To solve this problem, we will use the Gordon Growth Model (also known as the Dividend Discount Model) which is used to determine the present value of a stock that is expected to grow dividends at a constant rate indefinitely. The formula for the Gordon Growth Model is:

\[ P_0 = \frac{D_0 (1 + g)}{r - g} \]

where:

• \( P_0 \) is the current stock price
• \( D_0 \) is the most recent dividend payment
• \( g \) is the growth rate of the dividends
• \( r \) is the required rate of return

Given:

• \( D_0 = \$2.80 \)
• \( g = 6.75\% = 0.0675 \)
• \( r = 12\% = 0.12 \)

First, we calculate the next year's dividend (\( D_1 \)):

\[ D_1 = D_0 (1 + g) = 2.80 \times (1 + 0.0675) = 2.80 \times 1.0675 = 2.989 \]

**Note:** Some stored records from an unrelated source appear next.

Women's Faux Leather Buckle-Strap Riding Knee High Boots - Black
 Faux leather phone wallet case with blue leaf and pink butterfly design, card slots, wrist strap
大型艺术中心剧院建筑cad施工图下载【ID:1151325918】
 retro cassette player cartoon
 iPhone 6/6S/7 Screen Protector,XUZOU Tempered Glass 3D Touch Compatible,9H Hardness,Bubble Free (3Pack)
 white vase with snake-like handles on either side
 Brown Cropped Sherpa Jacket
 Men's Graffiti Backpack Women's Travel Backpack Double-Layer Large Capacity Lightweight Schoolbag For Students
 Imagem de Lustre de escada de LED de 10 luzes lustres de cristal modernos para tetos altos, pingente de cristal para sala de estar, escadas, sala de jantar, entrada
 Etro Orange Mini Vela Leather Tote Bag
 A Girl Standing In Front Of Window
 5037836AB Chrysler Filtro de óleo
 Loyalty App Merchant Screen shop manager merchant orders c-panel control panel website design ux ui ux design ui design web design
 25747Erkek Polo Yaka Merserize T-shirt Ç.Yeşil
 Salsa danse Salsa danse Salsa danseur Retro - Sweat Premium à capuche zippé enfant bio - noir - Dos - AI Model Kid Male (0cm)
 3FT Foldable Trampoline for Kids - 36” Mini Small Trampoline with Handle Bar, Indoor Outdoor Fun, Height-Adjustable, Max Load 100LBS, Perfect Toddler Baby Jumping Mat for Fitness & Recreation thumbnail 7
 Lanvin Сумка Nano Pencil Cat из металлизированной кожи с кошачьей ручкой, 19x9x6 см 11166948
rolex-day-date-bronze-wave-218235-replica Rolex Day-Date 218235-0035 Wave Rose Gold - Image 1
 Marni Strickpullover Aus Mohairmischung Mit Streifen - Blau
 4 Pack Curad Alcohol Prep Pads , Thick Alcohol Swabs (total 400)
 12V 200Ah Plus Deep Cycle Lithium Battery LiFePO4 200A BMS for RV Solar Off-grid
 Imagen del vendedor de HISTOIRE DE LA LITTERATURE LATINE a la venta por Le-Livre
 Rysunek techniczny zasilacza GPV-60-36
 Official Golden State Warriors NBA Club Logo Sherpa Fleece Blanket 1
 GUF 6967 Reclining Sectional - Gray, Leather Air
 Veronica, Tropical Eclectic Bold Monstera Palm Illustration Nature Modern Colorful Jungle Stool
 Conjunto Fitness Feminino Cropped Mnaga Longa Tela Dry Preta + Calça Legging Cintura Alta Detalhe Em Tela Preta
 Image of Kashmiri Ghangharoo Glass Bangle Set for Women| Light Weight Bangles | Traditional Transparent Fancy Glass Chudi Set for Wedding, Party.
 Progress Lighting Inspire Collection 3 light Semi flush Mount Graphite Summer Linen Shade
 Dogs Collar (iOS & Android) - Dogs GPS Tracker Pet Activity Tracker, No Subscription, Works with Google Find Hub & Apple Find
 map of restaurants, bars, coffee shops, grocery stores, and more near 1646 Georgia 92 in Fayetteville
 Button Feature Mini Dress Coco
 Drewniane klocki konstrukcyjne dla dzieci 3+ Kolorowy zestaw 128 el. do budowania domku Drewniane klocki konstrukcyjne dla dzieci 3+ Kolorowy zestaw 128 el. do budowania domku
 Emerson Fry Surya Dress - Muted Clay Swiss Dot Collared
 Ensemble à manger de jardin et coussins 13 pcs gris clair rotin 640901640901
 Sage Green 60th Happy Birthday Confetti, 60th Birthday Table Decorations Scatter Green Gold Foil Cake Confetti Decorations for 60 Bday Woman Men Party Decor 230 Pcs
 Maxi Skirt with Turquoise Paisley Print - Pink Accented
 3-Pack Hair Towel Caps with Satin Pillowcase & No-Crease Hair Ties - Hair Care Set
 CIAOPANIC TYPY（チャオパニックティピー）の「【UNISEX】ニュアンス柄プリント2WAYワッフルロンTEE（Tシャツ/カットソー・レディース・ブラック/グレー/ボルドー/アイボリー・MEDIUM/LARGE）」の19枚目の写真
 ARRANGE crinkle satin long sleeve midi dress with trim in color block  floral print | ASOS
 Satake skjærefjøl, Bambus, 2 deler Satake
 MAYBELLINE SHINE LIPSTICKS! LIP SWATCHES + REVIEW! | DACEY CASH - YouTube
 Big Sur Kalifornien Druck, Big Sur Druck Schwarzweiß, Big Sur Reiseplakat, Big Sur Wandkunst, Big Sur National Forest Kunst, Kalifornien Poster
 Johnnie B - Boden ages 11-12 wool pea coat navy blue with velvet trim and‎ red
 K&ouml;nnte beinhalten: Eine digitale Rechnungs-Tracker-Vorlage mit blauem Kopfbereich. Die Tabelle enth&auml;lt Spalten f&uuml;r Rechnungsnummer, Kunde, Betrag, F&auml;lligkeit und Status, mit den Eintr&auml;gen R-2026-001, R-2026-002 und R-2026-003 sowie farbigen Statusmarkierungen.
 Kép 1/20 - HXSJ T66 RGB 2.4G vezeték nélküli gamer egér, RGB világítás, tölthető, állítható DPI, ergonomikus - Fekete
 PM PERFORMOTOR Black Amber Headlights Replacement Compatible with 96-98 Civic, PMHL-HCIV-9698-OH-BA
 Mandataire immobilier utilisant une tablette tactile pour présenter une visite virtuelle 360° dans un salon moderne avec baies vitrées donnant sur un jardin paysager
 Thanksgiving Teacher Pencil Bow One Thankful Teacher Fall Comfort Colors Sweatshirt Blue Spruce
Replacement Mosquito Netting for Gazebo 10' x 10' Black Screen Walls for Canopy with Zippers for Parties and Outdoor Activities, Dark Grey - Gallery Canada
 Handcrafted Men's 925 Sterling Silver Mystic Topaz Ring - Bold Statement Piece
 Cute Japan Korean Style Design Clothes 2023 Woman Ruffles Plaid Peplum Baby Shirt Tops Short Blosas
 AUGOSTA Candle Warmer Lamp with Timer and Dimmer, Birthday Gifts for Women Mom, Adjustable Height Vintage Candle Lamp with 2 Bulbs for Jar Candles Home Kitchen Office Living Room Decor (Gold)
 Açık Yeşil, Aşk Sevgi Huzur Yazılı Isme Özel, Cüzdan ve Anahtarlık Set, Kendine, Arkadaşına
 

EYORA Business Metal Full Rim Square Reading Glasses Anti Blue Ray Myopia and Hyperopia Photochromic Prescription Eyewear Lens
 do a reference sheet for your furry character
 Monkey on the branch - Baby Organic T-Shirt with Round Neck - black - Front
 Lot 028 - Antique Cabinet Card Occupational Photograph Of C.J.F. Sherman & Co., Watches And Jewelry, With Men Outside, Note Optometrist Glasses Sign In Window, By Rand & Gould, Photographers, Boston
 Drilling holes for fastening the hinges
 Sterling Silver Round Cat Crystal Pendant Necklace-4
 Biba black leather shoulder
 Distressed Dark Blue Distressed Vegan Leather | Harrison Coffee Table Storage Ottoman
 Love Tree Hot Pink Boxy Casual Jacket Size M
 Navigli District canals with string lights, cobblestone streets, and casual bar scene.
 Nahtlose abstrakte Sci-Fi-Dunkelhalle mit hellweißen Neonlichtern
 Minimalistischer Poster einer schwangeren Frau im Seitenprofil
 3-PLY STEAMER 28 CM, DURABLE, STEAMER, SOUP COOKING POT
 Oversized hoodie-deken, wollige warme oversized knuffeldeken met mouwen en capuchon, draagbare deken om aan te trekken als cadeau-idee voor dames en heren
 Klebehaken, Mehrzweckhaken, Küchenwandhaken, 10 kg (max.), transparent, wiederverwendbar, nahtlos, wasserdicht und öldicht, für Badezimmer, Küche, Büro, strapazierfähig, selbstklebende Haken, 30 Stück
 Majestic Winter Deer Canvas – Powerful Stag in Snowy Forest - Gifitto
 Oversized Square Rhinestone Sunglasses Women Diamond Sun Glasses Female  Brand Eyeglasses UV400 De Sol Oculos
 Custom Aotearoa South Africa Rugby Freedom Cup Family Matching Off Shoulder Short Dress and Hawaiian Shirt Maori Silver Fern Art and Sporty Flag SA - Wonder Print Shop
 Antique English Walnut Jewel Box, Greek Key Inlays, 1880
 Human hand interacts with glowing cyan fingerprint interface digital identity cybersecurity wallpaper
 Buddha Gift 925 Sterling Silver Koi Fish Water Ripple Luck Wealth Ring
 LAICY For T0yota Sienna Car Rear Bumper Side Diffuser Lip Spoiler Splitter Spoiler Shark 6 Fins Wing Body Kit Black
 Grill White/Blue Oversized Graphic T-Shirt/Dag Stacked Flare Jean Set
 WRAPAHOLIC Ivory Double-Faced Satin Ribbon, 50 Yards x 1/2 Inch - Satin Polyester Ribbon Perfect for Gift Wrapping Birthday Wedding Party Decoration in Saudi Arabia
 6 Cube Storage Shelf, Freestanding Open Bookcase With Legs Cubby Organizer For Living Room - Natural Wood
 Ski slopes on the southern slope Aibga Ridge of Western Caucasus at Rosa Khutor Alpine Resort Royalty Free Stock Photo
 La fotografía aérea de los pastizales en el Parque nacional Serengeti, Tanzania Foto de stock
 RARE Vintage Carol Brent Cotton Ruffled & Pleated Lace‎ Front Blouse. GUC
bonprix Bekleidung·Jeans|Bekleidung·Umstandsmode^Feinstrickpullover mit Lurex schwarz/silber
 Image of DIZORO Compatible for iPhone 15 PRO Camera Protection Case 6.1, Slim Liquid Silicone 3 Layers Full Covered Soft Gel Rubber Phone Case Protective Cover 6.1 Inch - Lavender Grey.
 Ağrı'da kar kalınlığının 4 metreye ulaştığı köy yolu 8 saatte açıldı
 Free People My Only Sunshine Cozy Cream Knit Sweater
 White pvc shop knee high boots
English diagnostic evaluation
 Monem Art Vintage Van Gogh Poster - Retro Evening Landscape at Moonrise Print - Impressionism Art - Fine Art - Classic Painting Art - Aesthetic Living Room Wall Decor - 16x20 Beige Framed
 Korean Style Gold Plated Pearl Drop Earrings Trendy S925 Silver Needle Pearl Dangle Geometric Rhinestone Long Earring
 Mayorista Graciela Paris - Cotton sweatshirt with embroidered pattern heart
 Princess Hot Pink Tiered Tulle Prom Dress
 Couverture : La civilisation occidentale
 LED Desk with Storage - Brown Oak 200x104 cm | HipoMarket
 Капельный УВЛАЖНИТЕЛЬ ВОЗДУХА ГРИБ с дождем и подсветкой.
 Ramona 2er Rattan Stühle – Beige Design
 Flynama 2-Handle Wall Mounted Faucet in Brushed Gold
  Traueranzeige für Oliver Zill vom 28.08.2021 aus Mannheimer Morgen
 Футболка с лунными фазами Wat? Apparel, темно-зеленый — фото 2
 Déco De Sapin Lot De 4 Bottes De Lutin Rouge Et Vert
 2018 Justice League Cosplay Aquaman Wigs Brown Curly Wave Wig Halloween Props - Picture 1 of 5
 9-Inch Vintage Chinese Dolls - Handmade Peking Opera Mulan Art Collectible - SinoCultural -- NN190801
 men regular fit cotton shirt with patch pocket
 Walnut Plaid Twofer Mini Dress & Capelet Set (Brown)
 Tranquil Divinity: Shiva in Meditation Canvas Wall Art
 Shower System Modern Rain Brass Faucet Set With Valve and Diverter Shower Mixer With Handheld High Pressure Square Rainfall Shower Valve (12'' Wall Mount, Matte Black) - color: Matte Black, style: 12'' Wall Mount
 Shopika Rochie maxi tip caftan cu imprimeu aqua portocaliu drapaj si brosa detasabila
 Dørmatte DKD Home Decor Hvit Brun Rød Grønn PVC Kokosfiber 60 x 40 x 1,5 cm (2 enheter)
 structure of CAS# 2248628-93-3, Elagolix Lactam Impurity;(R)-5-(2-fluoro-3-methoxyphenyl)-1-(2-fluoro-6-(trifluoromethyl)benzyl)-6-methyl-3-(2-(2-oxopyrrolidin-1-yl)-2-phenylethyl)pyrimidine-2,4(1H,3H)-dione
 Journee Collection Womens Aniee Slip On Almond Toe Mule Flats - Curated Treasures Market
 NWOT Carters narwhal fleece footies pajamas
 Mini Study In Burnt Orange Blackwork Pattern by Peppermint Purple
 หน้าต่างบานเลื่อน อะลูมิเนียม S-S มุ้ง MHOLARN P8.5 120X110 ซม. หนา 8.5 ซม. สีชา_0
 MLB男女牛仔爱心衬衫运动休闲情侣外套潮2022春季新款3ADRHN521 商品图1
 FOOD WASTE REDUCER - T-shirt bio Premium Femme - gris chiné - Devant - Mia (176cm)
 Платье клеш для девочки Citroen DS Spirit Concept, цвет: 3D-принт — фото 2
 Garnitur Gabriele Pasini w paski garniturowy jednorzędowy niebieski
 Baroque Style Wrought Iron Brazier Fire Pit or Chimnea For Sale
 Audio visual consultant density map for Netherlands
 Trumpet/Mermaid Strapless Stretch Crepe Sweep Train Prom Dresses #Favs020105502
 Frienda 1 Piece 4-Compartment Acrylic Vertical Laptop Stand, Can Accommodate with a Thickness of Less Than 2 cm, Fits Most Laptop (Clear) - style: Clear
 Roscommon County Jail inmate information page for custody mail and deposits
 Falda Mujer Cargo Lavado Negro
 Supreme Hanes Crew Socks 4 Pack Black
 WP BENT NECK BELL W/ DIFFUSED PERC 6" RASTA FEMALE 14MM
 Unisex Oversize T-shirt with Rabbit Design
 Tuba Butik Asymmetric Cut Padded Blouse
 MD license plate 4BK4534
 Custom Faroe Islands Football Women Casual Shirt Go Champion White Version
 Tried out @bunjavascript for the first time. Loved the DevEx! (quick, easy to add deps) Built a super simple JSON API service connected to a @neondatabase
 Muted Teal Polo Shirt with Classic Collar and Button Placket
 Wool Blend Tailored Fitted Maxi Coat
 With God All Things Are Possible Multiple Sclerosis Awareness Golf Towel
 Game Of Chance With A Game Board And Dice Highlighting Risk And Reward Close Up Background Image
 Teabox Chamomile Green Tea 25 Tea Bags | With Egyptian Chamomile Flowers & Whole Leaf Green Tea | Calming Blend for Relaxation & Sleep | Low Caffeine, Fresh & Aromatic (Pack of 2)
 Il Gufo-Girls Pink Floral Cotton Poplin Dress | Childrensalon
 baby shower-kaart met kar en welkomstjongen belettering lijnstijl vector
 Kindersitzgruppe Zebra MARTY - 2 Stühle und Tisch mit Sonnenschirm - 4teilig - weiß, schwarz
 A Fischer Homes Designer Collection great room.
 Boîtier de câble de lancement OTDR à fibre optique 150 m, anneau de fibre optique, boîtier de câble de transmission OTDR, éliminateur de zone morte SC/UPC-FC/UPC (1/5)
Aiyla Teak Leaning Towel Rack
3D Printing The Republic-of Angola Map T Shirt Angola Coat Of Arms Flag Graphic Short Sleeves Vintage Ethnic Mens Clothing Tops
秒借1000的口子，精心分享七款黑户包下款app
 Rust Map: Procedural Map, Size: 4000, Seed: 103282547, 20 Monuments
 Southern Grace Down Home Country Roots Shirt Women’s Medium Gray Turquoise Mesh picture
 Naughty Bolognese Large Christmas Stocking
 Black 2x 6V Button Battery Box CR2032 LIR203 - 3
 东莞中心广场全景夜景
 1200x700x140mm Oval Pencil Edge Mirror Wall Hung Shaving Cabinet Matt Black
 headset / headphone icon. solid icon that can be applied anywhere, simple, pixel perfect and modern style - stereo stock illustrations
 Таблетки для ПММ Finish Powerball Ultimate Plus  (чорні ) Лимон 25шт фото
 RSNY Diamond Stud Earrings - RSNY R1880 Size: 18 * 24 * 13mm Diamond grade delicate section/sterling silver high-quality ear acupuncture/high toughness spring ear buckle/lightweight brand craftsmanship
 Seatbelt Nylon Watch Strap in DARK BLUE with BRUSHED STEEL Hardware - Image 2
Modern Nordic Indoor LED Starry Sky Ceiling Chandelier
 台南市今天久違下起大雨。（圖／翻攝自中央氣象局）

Now, we can calculate the current price (\( P_0 \)):

\[ P_0 = \frac{D_1}{r - g} = \frac{2.989}{0.12 - 0.0675} = \frac{2.989}{0.0525} = 56.93 \]

So, the current price is:

\[ \text{Current price} = \$56.93 \]

To find the price in the future, we need to calculate the dividend at that future time and then use the Gordon Growth Model again.

First, calculate the dividend in four years (\( D_4 \)):

\[ D_4 = D_0 (1 + g)^4 = 2.80 \times (1 + 0.0675)^4 = 2.80 \times 1.2973 = 3.6324 \]

Now, calculate the price in four years (\( P_4 \)):

\[ P_4 = \frac{D_4 (1 + g)}{r - g} = \frac{3.6324 \times 1.0675}{0.12 - 0.0675} = \frac{3.8751}{0.0525} = 73.81 \]

So, the price in four years is:

\[ \text{Price in four years} = \$73.81 \]

First, calculate the dividend in sixteen years (\( D_{16} \)):

\[ D_{16} = D_0 (1 + g)^{16} = 2.80 \times (1 + 0.0675)^{16} = 2.80 \times 2.9387 = 8.2274 \]

Now, calculate the price in sixteen years (\( P_{16} \)):

\[ P_{16} = \frac{D_{16} (1 + g)}{r - g} = \frac{8.2274 \times 1.0675}{0.12 - 0.0675} = \frac{8.7821}{0.0525} = 167.30 \]

So, the price in sixteen years is:

\[ \text{Price in sixteen years} = \$167.30 \]

• The current price is \$56.93.
• The price in four years is \$73.81.
• The price in sixteen years is \$167.30.